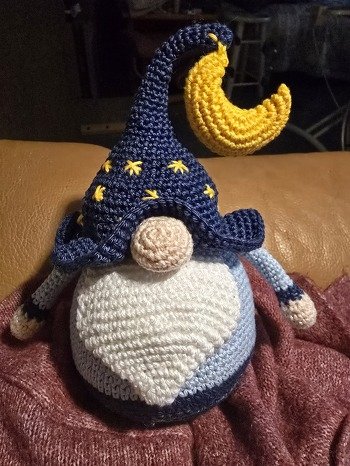 Soooo toll! Jetzt bekommt er noch den Teddy.
Ich liebs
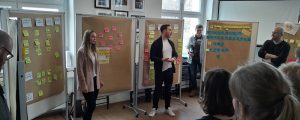 Präsentation des Case - Impression vom easymedia Team beim Global Service Jam 2018 in Dresden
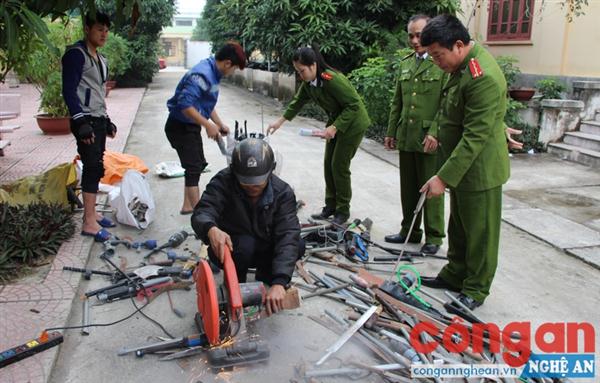 Đẩy mạnh thu hồi vũ khí, vật liệu nổ, công cụ hỗ trợ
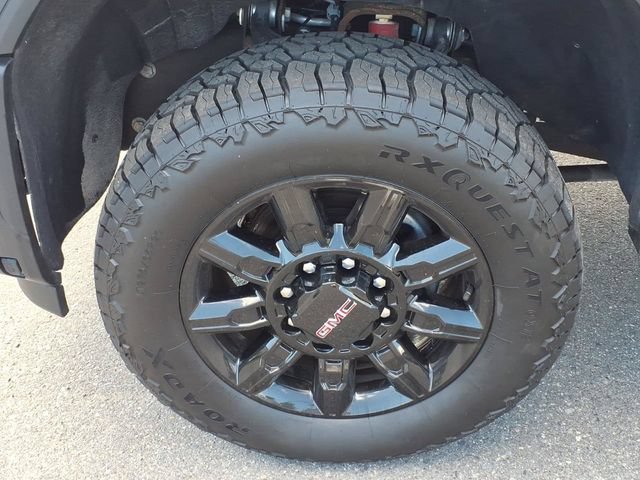 Used 2025 GMC Sierra 2500 AT4 AWD/4WD image 9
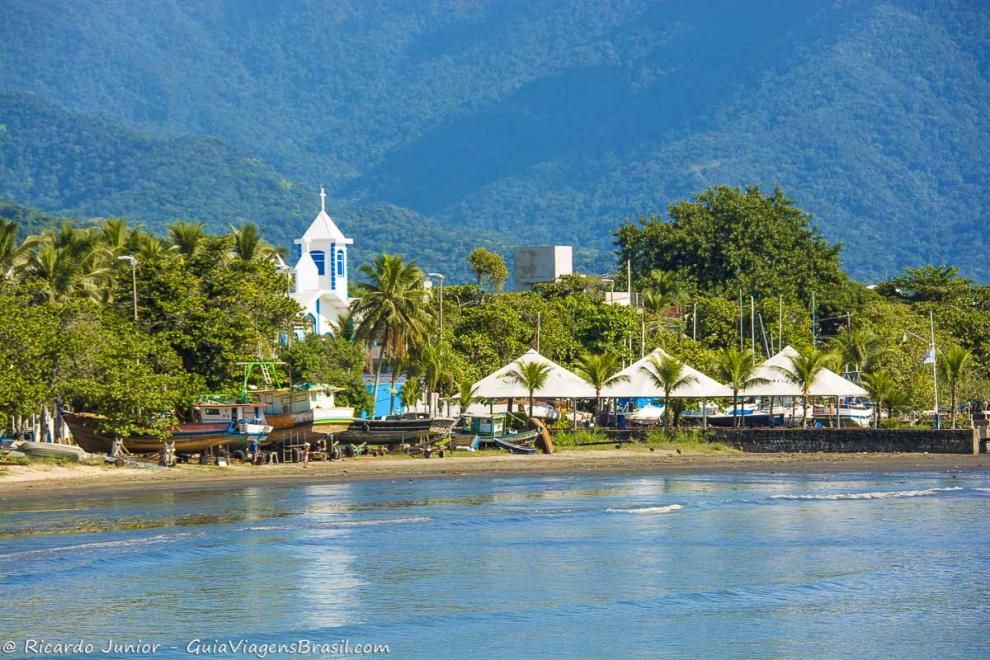 Imagem de uma pequena vila de pescadores em Ubatuba.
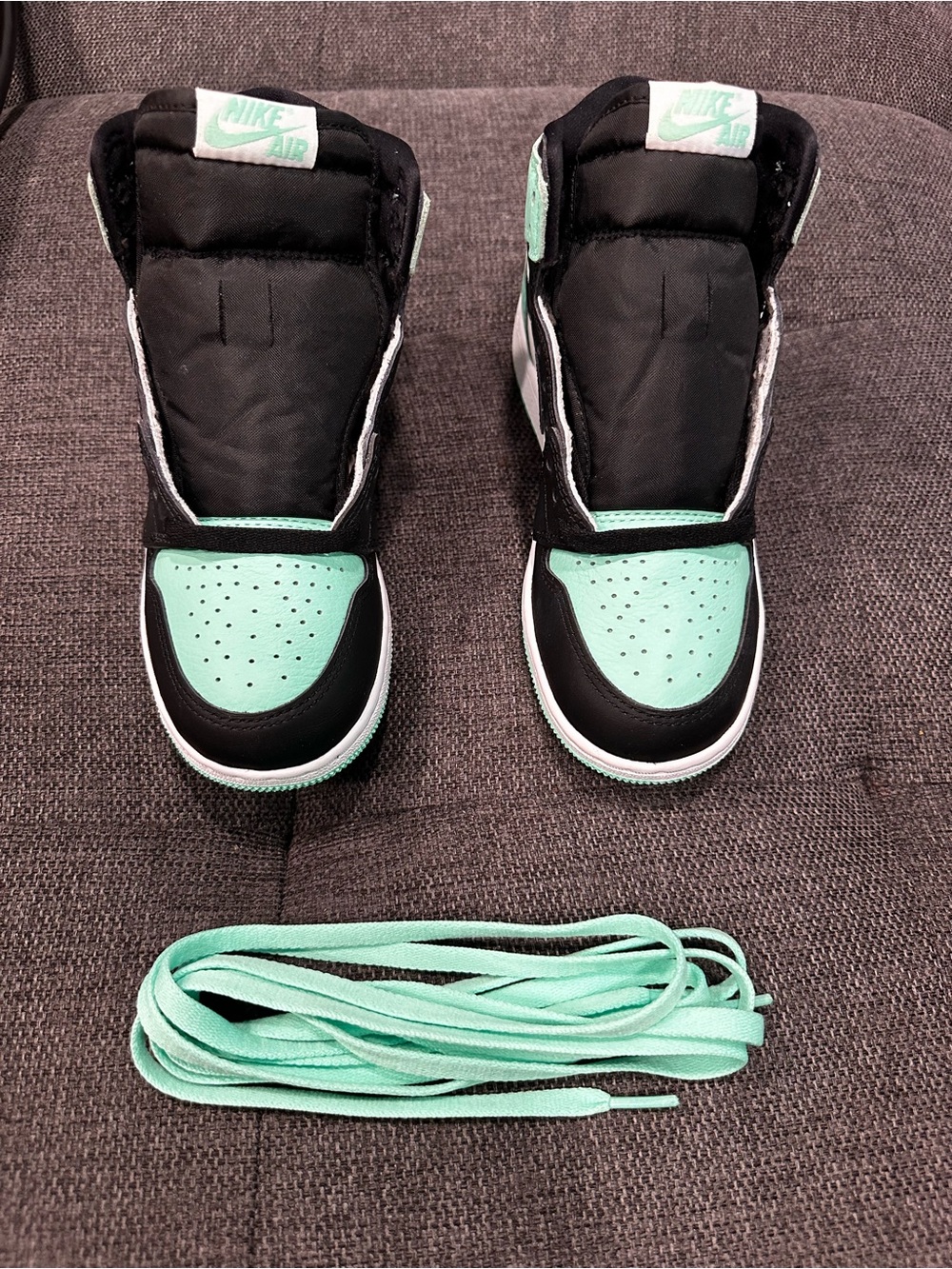 Nike High-Top Sneakers in Mint and Black Girls Size 4.5 NWOB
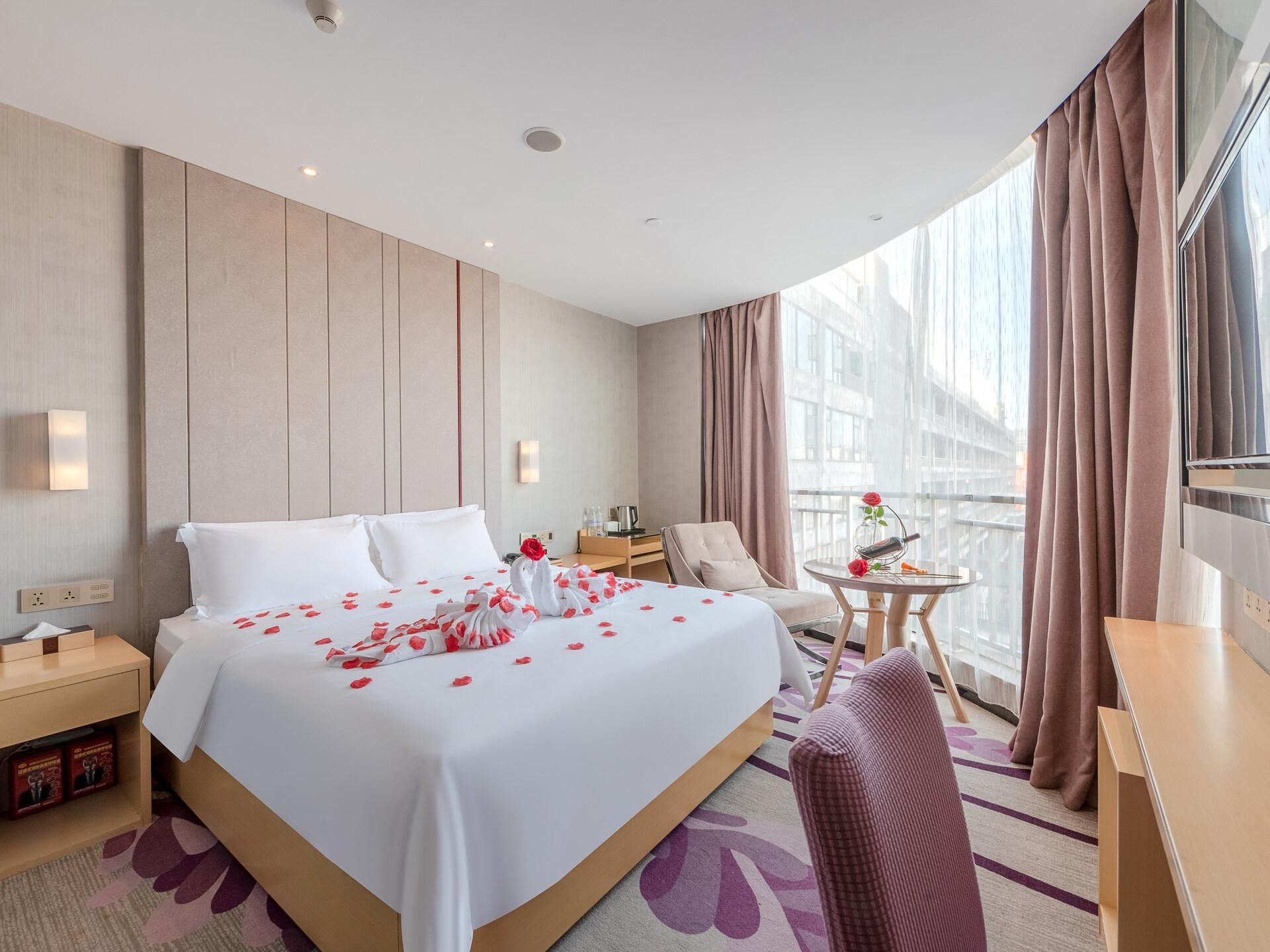 WH - Youxiang Romantic Room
════
## Task requirements
Leave the pictures out. Output exactly, and only, the lines from the one with "Đẩy mạnh thu" through the last line of the listing above, both included.

## Response area
 Đẩy mạnh thu hồi vũ khí, vật liệu nổ, công cụ hỗ trợ
 Used 2025 GMC Sierra 2500 AT4 AWD/4WD image 9
 Imagem de uma pequena vila de pescadores em Ubatuba.
 Nike High-Top Sneakers in Mint and Black Girls Size 4.5 NWOB
 WH - Youxiang Romantic Room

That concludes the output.